### EXERCISE GOAL
All of the entries below are to be repeated word for word.

### EXERCISE DATA
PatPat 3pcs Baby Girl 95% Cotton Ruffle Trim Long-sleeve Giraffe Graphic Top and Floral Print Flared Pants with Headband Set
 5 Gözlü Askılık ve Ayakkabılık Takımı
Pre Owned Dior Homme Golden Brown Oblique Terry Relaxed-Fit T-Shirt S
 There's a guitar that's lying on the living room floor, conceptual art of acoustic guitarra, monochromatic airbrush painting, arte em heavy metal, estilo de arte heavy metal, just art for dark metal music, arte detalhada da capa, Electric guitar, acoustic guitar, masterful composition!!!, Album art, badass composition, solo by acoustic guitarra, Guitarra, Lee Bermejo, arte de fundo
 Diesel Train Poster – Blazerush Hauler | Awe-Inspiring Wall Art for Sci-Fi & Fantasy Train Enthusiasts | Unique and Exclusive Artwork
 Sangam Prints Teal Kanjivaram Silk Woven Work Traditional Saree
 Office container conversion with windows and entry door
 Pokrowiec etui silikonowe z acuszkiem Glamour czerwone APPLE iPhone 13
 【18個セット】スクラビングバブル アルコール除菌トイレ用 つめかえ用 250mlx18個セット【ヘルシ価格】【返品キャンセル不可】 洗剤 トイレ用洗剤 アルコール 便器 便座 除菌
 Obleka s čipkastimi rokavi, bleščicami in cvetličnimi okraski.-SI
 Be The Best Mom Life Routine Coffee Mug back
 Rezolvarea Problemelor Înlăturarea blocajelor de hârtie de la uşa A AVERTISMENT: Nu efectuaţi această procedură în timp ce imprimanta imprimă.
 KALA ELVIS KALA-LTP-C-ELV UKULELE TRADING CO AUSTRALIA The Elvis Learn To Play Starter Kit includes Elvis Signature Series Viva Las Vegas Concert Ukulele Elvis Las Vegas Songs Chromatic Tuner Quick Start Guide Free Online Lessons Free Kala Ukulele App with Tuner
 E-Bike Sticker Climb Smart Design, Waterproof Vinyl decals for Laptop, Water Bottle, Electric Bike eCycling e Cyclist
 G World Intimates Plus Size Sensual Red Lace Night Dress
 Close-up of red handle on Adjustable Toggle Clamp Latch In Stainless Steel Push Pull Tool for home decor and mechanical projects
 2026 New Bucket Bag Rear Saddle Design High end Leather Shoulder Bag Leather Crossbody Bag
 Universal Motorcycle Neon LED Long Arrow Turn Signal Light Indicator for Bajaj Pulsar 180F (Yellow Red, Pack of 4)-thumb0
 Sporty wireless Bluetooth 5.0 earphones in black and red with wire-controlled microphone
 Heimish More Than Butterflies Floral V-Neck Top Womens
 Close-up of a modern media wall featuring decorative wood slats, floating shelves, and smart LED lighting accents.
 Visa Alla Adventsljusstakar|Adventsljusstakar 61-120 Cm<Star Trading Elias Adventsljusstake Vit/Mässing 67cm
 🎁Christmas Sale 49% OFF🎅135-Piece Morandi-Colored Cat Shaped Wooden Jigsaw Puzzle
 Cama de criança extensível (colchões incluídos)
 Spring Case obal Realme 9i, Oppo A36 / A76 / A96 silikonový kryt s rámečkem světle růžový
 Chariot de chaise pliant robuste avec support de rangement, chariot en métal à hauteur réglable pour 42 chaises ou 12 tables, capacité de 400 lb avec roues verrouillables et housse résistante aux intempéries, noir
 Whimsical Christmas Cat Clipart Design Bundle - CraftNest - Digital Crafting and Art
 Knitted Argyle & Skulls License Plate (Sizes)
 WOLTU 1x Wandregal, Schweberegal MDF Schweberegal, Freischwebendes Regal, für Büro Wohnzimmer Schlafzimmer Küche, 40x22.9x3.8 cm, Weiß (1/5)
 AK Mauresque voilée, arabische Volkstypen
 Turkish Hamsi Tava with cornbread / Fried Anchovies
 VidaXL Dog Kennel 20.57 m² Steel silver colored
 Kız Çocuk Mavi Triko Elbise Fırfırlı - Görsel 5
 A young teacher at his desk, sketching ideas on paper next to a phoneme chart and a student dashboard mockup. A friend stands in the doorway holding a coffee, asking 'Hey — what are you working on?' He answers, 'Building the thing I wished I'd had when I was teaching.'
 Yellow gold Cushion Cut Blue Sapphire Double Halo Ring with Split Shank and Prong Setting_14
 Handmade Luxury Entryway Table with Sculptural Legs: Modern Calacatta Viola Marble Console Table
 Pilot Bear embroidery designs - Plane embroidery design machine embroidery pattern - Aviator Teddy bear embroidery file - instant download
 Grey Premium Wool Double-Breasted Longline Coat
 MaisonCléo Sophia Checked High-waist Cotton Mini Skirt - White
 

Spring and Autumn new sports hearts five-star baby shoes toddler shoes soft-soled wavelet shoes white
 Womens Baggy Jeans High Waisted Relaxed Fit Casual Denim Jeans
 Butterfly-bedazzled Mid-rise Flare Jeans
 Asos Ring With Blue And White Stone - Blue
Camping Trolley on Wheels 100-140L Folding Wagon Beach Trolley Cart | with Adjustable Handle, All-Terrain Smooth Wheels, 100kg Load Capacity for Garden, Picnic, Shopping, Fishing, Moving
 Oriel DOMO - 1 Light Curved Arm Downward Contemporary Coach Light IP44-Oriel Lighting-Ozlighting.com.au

### SOLUTION BELOW
PatPat 3pcs Baby Girl 95% Cotton Ruffle Trim Long-sleeve Giraffe Graphic Top and Floral Print Flared Pants with Headband Set
 5 Gözlü Askılık ve Ayakkabılık Takımı
Pre Owned Dior Homme Golden Brown Oblique Terry Relaxed-Fit T-Shirt S
 There's a guitar that's lying on the living room floor, conceptual art of acoustic guitarra, monochromatic airbrush painting, arte em heavy metal, estilo de arte heavy metal, just art for dark metal music, arte detalhada da capa, Electric guitar, acoustic guitar, masterful composition!!!, Album art, badass composition, solo by acoustic guitarra, Guitarra, Lee Bermejo, arte de fundo
 Diesel Train Poster – Blazerush Hauler | Awe-Inspiring Wall Art for Sci-Fi & Fantasy Train Enthusiasts | Unique and Exclusive Artwork
 Sangam Prints Teal Kanjivaram Silk Woven Work Traditional Saree
 Office container conversion with windows and entry door
 Pokrowiec etui silikonowe z acuszkiem Glamour czerwone APPLE iPhone 13
 【18個セット】スクラビングバブル アルコール除菌トイレ用 つめかえ用 250mlx18個セット【ヘルシ価格】【返品キャンセル不可】 洗剤 トイレ用洗剤 アルコール 便器 便座 除菌
 Obleka s čipkastimi rokavi, bleščicami in cvetličnimi okraski.-SI
 Be The Best Mom Life Routine Coffee Mug back
 Rezolvarea Problemelor Înlăturarea blocajelor de hârtie de la uşa A AVERTISMENT: Nu efectuaţi această procedură în timp ce imprimanta imprimă.
 KALA ELVIS KALA-LTP-C-ELV UKULELE TRADING CO AUSTRALIA The Elvis Learn To Play Starter Kit includes Elvis Signature Series Viva Las Vegas Concert Ukulele Elvis Las Vegas Songs Chromatic Tuner Quick Start Guide Free Online Lessons Free Kala Ukulele App with Tuner
 E-Bike Sticker Climb Smart Design, Waterproof Vinyl decals for Laptop, Water Bottle, Electric Bike eCycling e Cyclist
 G World Intimates Plus Size Sensual Red Lace Night Dress
 Close-up of red handle on Adjustable Toggle Clamp Latch In Stainless Steel Push Pull Tool for home decor and mechanical projects
 2026 New Bucket Bag Rear Saddle Design High end Leather Shoulder Bag Leather Crossbody Bag
 Universal Motorcycle Neon LED Long Arrow Turn Signal Light Indicator for Bajaj Pulsar 180F (Yellow Red, Pack of 4)-thumb0
 Sporty wireless Bluetooth 5.0 earphones in black and red with wire-controlled microphone
 Heimish More Than Butterflies Floral V-Neck Top Womens
 Close-up of a modern media wall featuring decorative wood slats, floating shelves, and smart LED lighting accents.
 Visa Alla Adventsljusstakar|Adventsljusstakar 61-120 Cm<Star Trading Elias Adventsljusstake Vit/Mässing 67cm
 🎁Christmas Sale 49% OFF🎅135-Piece Morandi-Colored Cat Shaped Wooden Jigsaw Puzzle
 Cama de criança extensível (colchões incluídos)
 Spring Case obal Realme 9i, Oppo A36 / A76 / A96 silikonový kryt s rámečkem světle růžový
 Chariot de chaise pliant robuste avec support de rangement, chariot en métal à hauteur réglable pour 42 chaises ou 12 tables, capacité de 400 lb avec roues verrouillables et housse résistante aux intempéries, noir
 Whimsical Christmas Cat Clipart Design Bundle - CraftNest - Digital Crafting and Art
 Knitted Argyle & Skulls License Plate (Sizes)
 WOLTU 1x Wandregal, Schweberegal MDF Schweberegal, Freischwebendes Regal, für Büro Wohnzimmer Schlafzimmer Küche, 40x22.9x3.8 cm, Weiß (1/5)
 AK Mauresque voilée, arabische Volkstypen
 Turkish Hamsi Tava with cornbread / Fried Anchovies
 VidaXL Dog Kennel 20.57 m² Steel silver colored
 Kız Çocuk Mavi Triko Elbise Fırfırlı - Görsel 5
 A young teacher at his desk, sketching ideas on paper next to a phoneme chart and a student dashboard mockup. A friend stands in the doorway holding a coffee, asking 'Hey — what are you working on?' He answers, 'Building the thing I wished I'd had when I was teaching.'
 Yellow gold Cushion Cut Blue Sapphire Double Halo Ring with Split Shank and Prong Setting_14
 Handmade Luxury Entryway Table with Sculptural Legs: Modern Calacatta Viola Marble Console Table
 Pilot Bear embroidery designs - Plane embroidery design machine embroidery pattern - Aviator Teddy bear embroidery file - instant download
 Grey Premium Wool Double-Breasted Longline Coat
 MaisonCléo Sophia Checked High-waist Cotton Mini Skirt - White
 

Spring and Autumn new sports hearts five-star baby shoes toddler shoes soft-soled wavelet shoes white
 Womens Baggy Jeans High Waisted Relaxed Fit Casual Denim Jeans
 Butterfly-bedazzled Mid-rise Flare Jeans
 Asos Ring With Blue And White Stone - Blue
Camping Trolley on Wheels 100-140L Folding Wagon Beach Trolley Cart | with Adjustable Handle, All-Terrain Smooth Wheels, 100kg Load Capacity for Garden, Picnic, Shopping, Fishing, Moving
 Oriel DOMO - 1 Light Curved Arm Downward Contemporary Coach Light IP44-Oriel Lighting-Ozlighting.com.au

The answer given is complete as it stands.